Atomization Models

The LISA Atomization model simulates a pressure-swirl atomizer.
The Huh Atomization model simulates a simple hole injector.

The LISA Atomization Model

The Linearized Instability Sheet Atomization (LISA) model is a primary atomization model for the thin liquid sheet at nozzle exit created by the action of a pressure-swirl atomizer. This model corresponds to the LISA model node in the Lagrangian phase model tree, and selecting it activates the Nozzle Injector type for injectors. The model generates initial size and velocity values for droplets entering through the injectors active for the Lagrangian phase, as described in the formulation.


Theory	LISA Model
Provided By	[physics continuum] > Models > Lagrangian Multiphase > [phase] > Models > Primary Atomization
Example Node Path	Continua > Physics 1 > Models > Lagrangian Multiphase > Phase 1 > Models > LISA Atomization
Requires	Optional Models: Lagrangian Multiphase From Lagrangian Multiphase > Lagrangian Phases > [phase] > Models: Particle Type: Material Particles Material: Liquid or Multi-Component Liquid
Activates	Materials	See Materials and Methods.
	Field Functions	Droplet Dynamic Viscosity Droplet Surface Tension

The Huh Atomization Model

The Huh Atomization Model is a primary atomization model that simulates the disintegration process of a liquid jet exiting from a hole-type injector at high speed. This model estimates the initial perturbations from an analysis of the flow through the nozzle and then uses established wave growth theory, together with other hypotheses, to represent the atomization process. This model corresponds to the Huh Atomization model node in the Lagrangian phase model tree, and selecting it activates the Nozzle Injector type for injectors.

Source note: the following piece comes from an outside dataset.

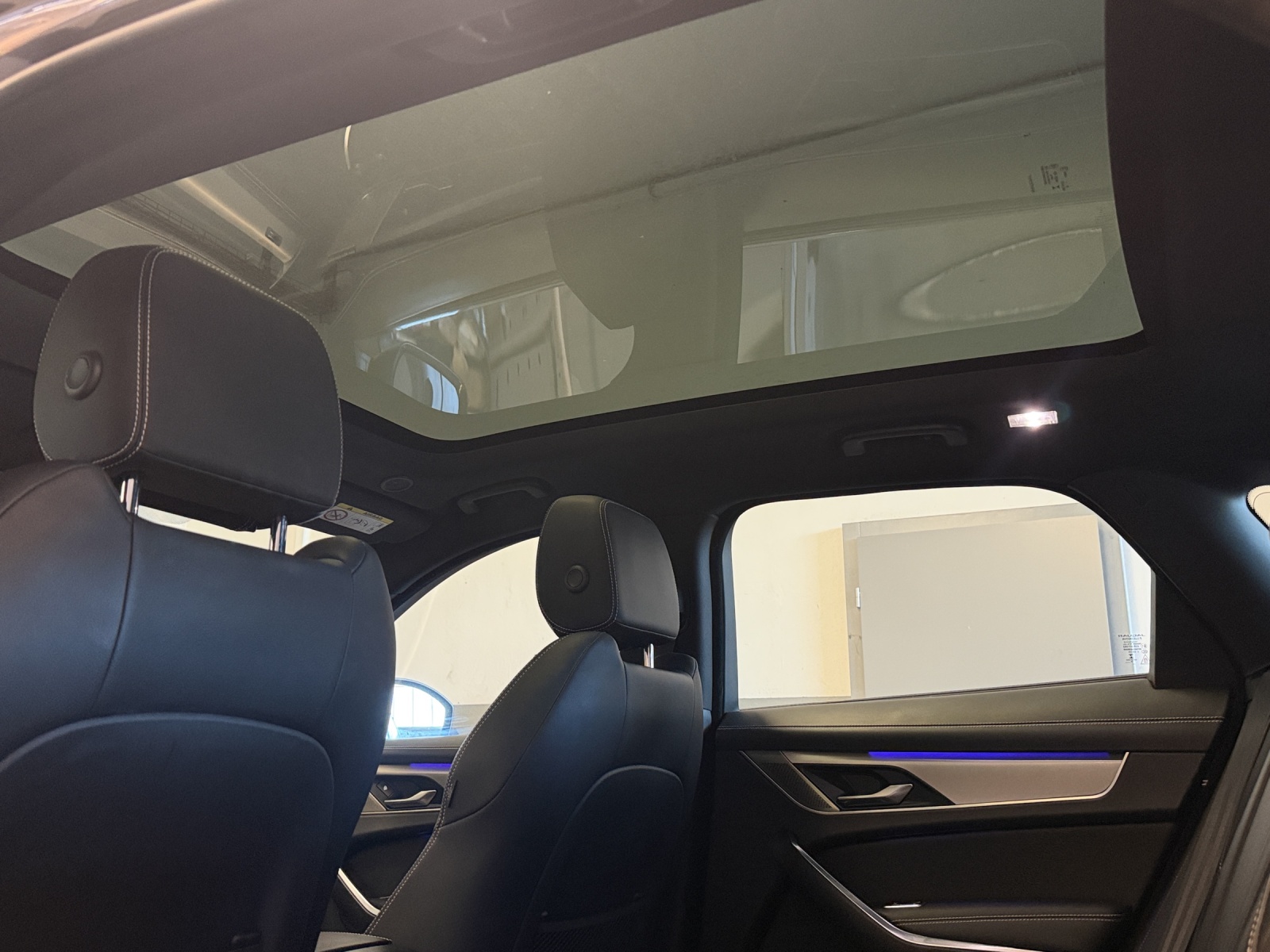 JAGUAR F-Pace 3.0 D300 R-Dynamic MHEV SE AWD-image-18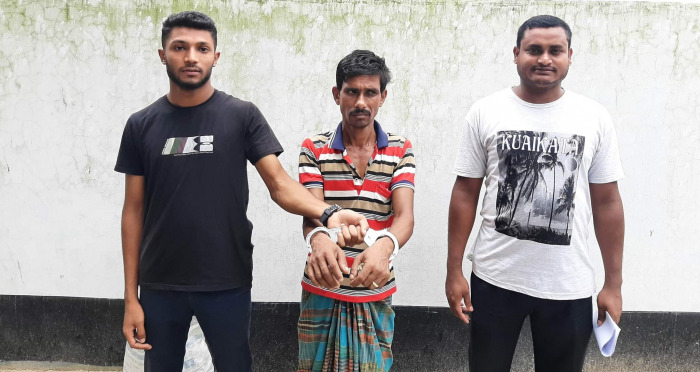 চুয়াডাঙ্গার আলুকদিয়ায় মাদকদ্রব্য নিয়ন্ত্রণ অধিদপ্তরের অভিযান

The Huh model assumes an initial droplet size equal to the nozzle diameter; droplet velocity and subsequent breakup is modeled as described in the formulation.


Theory	Huh Model
Provided By	[physics continuum] > Models > Lagrangian Multiphase > [phase] > Models > Primary Atomization
Example Node Path	Continua > Physics 1 > Models > Lagrangian Multiphase > Phase 1 > Models > Huh Atomization
Requires	Optional Models: Lagrangian Multiphase From Lagrangian Multiphase > Lagrangian Phases > [phase] > Models: Particle Type: Material Particles Material: Liquid or Multi-Component Liquid
Activates	Materials	See Materials and Methods.
	Field Functions	Droplet Dynamic Viscosity Droplet Surface Tension Droplet Weber Number Primary Atomization Status
Properties	See below.

Huh Atomization Model Properties

C1: Atomization length scale coefficient, $C_{1}$ used to define $κ$ in Eqn. (3085). The default value is 2.0.
C2: Wave length scale coefficient, $C_{2}$ used to define $κ$ in Eqn. (3085). The default value is 0.5.
C3: Spontaneous time scale coefficient, $C_{3}$ in Eqn. (3086). The default value is 1.0.
C4: Exponential time scale coefficient, $C_{4}$ in Eqn. (3086). The default value is 1.5.
CA1: Turbulence time scale coefficient, $C_{a 1}$ in Eqn. (3083) and Eqn. (3084). The default value is 0.92.
CA2: Turbulence length scale coefficient, $C_{a 2}$ in Eqn. (3083). The default value is 0.4565.
KA: Droplet breakup rate coefficient, $K_{A}$ in Eqn. (3087). The default value is 0.1.
Normal Velocity Coefficient: Controls the radial diffusion of the spray; $K_{3}$ in Eqn. (3118). The larger it is, the more rapid the radial diffusion of the spray. The default value is 0.
WeCrit: The critical Weber number ${W e}_{c r}$ . For the Huh model, the Weber number is given by Eqn. (3079). If $W e < {W e}_{c r}$ , the injected parcel bypasses the primary atomization process and proceeds directly to the secondary breakup process, if activated. The default value is 12.0.

Materials and Methods

The LISA and Huh Atomization models activate the following material properties under Lagrangian Phases > [phase] > Models > Liquid or Multi-Component Liquid:

Dynamic Viscosity

Dimensions: The dimensionality of the viscosity (read-only).
Method: Constant or Field Function.

Surface Tension

Dimensions: The dimensionality of the surface tension (read-only).
Method: Constant or Field Function.